Glad you could join me on this journey, the following series of photographs will give you a glimpse of how I viewed the Amalfi Coast along with a small peek at a few Greek wonders. From the 9th to the 12th century, the Amalfi Coast, which stretches for about 50km, was a maritime superpower. Like many other regions, it was not immune and soon faced isolation due to poverty, invasions, earthquakes as well as landslides. Moving forward to the 1900's, isolation would become the catalyst to its resurgence. This would occur in the form of tourism, quickly becoming an important economic factor in the latter half of the century.
vr 64 | iso100 | 24mm | f/3.5 | 1/250sec
Our first stop is the costal town of Praiano which is situated between Amalfi and Positano. Approaching the centro storico on via Gennaro Capriglione, you are treated to the pastel hues of parrocchia di san gennaro set against the bay.
parrocchia di san gennaro | iso100 | 24mm | f/8.0 | 1/100sec
Up next, we begin the tight climb up to the mountain village of Nocelle. Set at 450m above sea level, this off the beaten path location offers a great seat to take in the coastal views.
sedia | iso100 | 24mm | f/4.0 | 1/250sec
costiera amalfitana | iso100 | 85mm | f/8.0 | 1/200sec
costiera amalfitana | iso200 | 85mm | f/4.5 | 1/100sec
Now it is time to venture into the small town of Amalfi which was once a maritime hub boasting a population of 70,000. Today, you can walk from one end to another in less than 30min. Its drastic change in urban morphology is due to an earthquake in 1343, where most of the city slid into the sea. Its watery past is quickly forgotten while admiring the varied architectural styles of its cathedral and facade clad cliffs.

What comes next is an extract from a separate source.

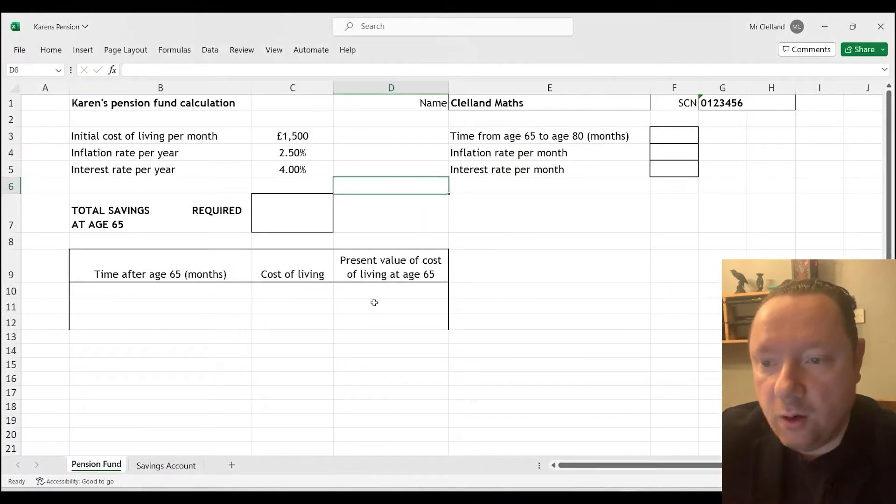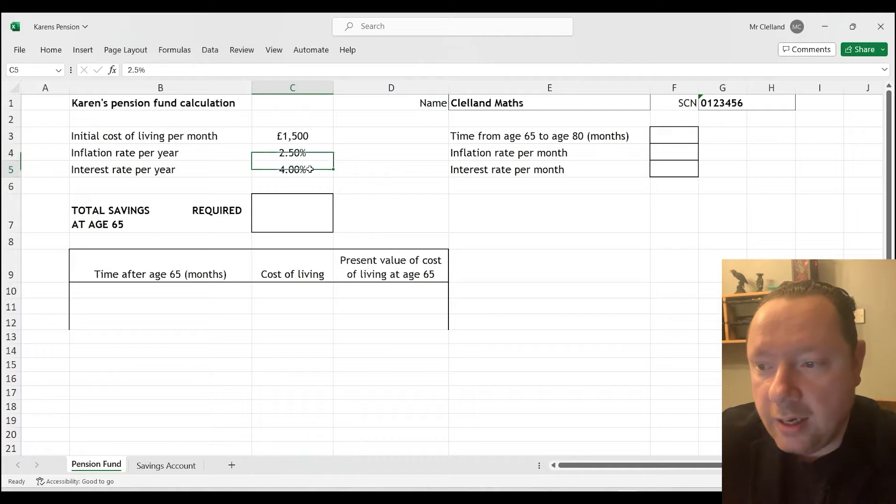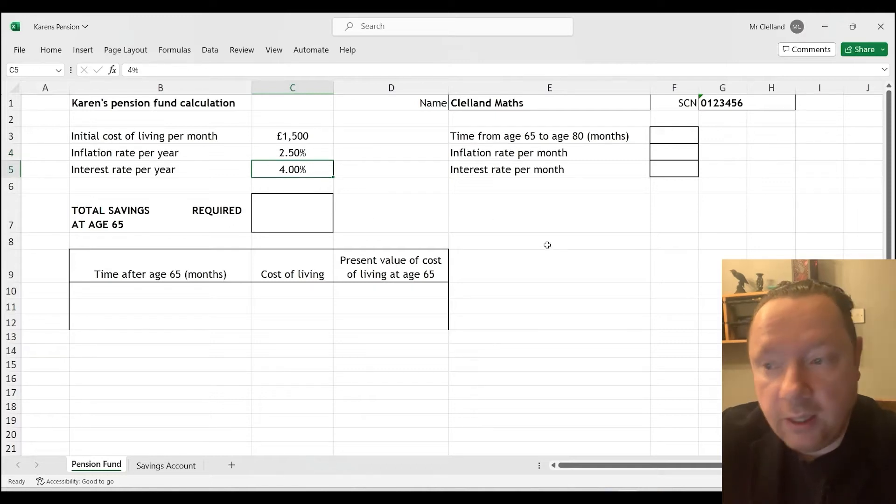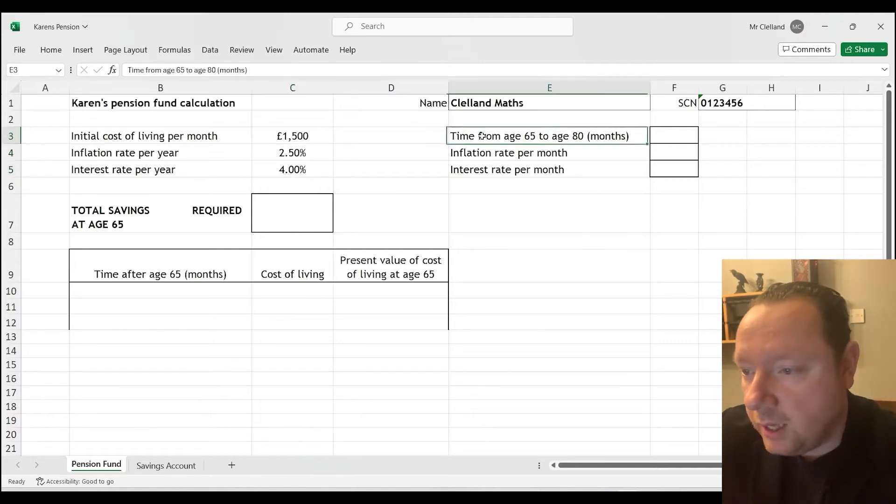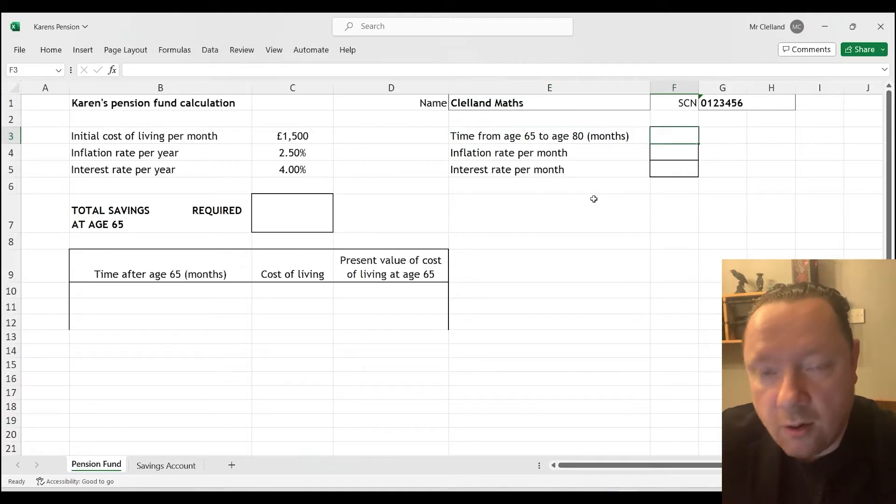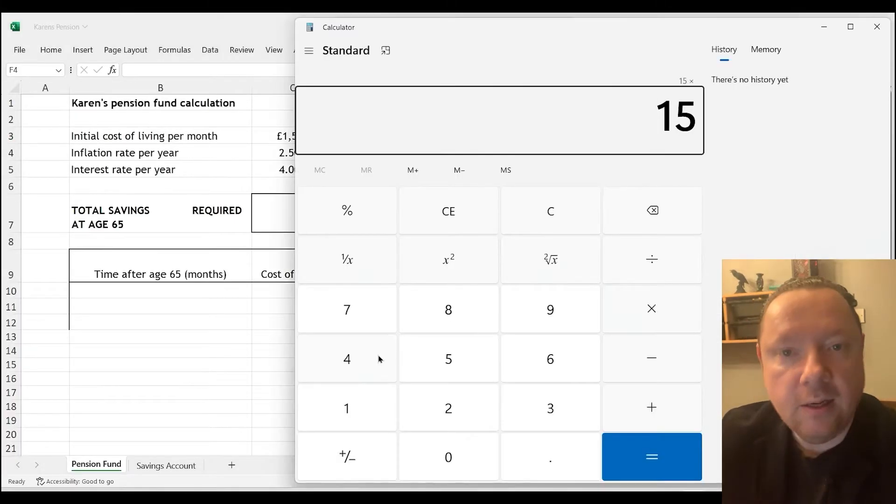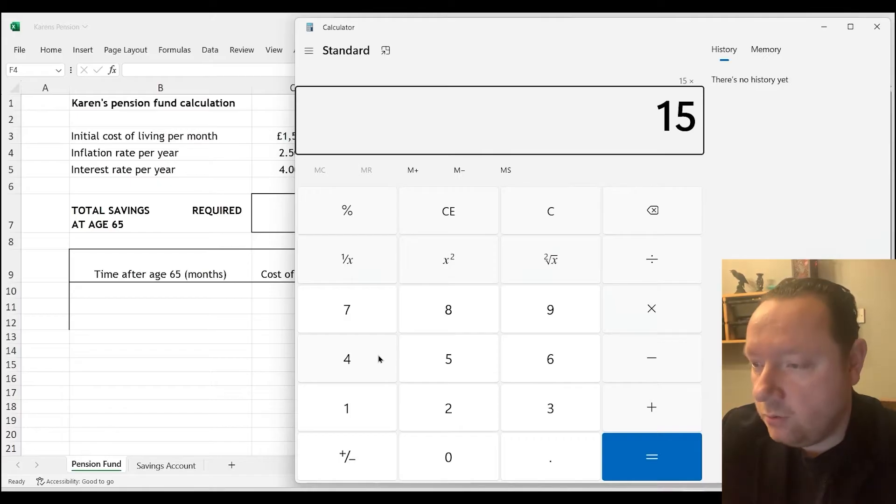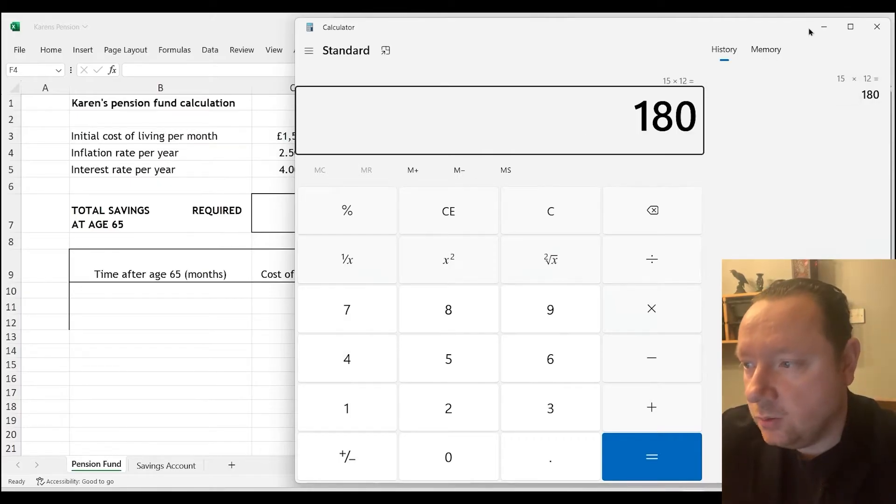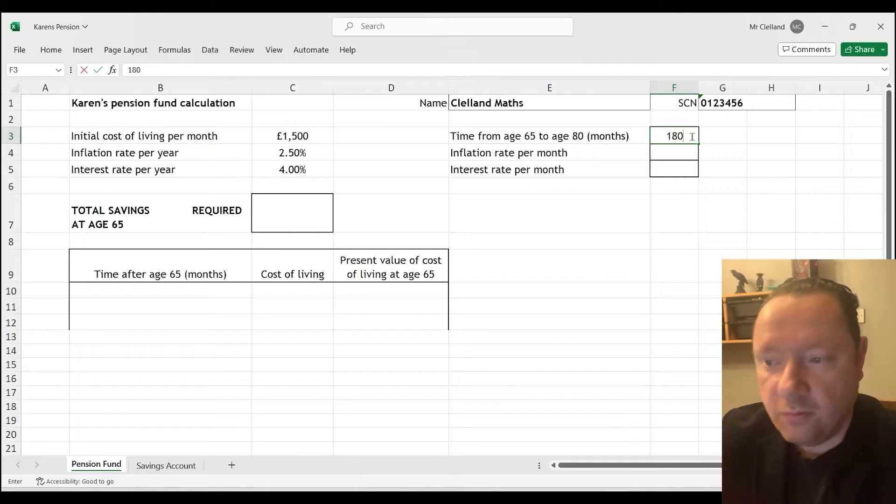So here is a copy of this spreadsheet. You'll notice I've already put the inflation rate in here and the interest rate in here. The first thing we need to do is work out time from age 65 to 80 in months. So we could work that out ourselves or use a calculator. So 15 years times 12 is 180.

dettaglio catherdal | iso100 | 85mm | f/8.0 | 1/160sec
facciate | iso100 | 85mm | f/8.0 | 1/320sec
I am not sure about you, but I could use a little gelato break before our next stop...maybe a combo of limone e cioccolato...mmm sour and sweet. How about you? Ok, so back on the road towards Positano, the pretty little neighbour of Amalfi. That was not always the case, as this once thriving port saw its population cut in half in the mid-nineteen century as many left for better opportunities in America. To appreciate the vertical urban plan of the town, we need to start climbing the network of stairs and alleyways.
via trara genoino | iso200 | 24mm | f/8.0 | 1/60sec
20 | iso200 | 24mm | f/8.0 | 1/60sec
Our last stop takes us to Paestum where back in the late 18th century road builders discovered Greek colony ruins. UNESCO listed them among the best preserved monuments of Magna Graecia. The archaeological site dates back to the 6th century BC and was originally named Poseidonia in honour of Poseidon, the Greek god of the sea. In 273BC, the town fell under Roman control and remained under the empire till its abandonment due to malaria and raids.
colonna blu | iso100 | 24mm | f/8.0 | 1/125sec
tempio di nettuno | iso100 | 24mm | f/4.5 | 1/200sec
museo archeologico | iso100 | 24mm | f/8.0 | 1/200sec
Hope you enjoyed your time and thank you for visiting, ciao ciao!